Work to be completed: For the entries below, copy exactly the line that contains "The F10 button" through the line that contains "And then the", both ends included, and exclude all pictures.

Data extracts:
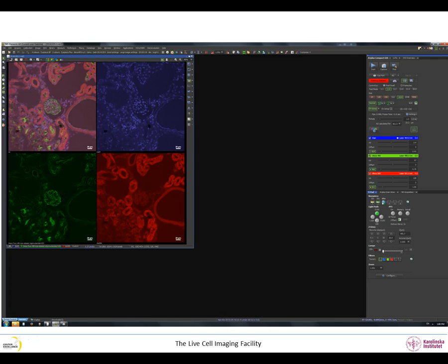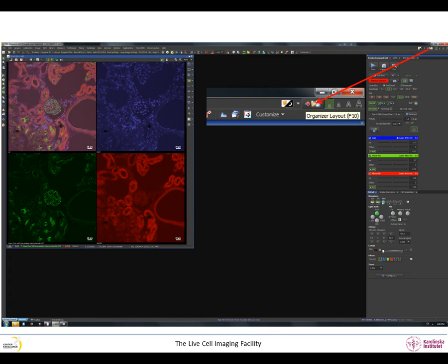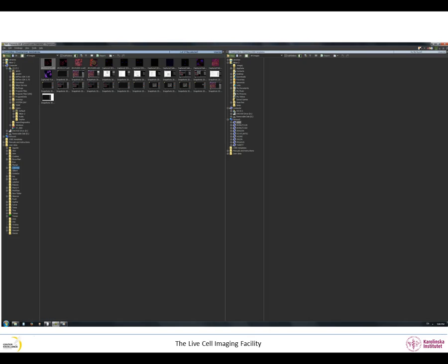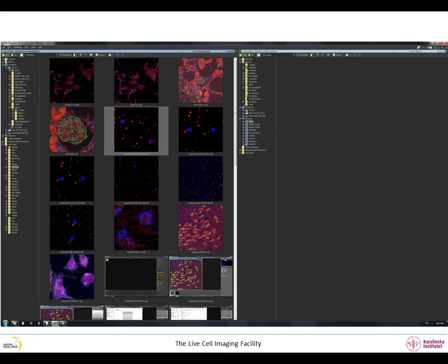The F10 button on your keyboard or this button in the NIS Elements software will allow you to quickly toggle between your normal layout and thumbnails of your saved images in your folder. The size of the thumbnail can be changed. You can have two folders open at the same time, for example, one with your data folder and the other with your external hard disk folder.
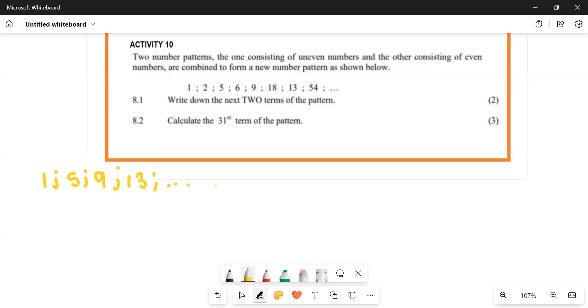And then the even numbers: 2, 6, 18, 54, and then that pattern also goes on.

---

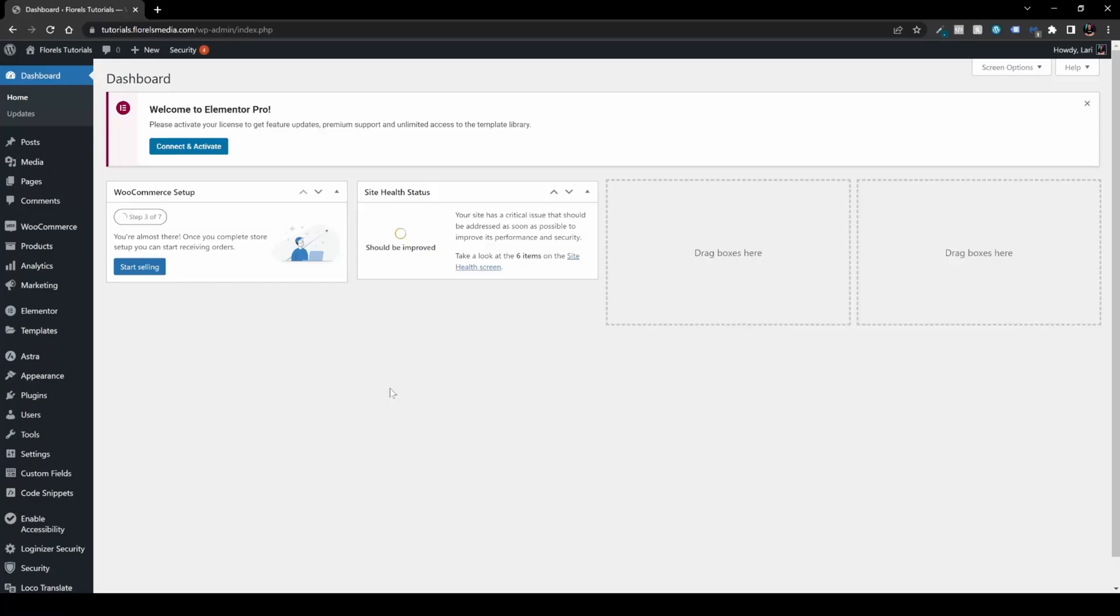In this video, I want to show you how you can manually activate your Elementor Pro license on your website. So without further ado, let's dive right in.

Exercise solution:
The F10 button on your keyboard or this button in the NIS Elements software will allow you to quickly toggle between your normal layout and thumbnails of your saved images in your folder. The size of the thumbnail can be changed. You can have two folders open at the same time, for example, one with your data folder and the other with your external hard disk folder.
And then the even numbers: 2, 6, 18, 54, and then that pattern also goes on.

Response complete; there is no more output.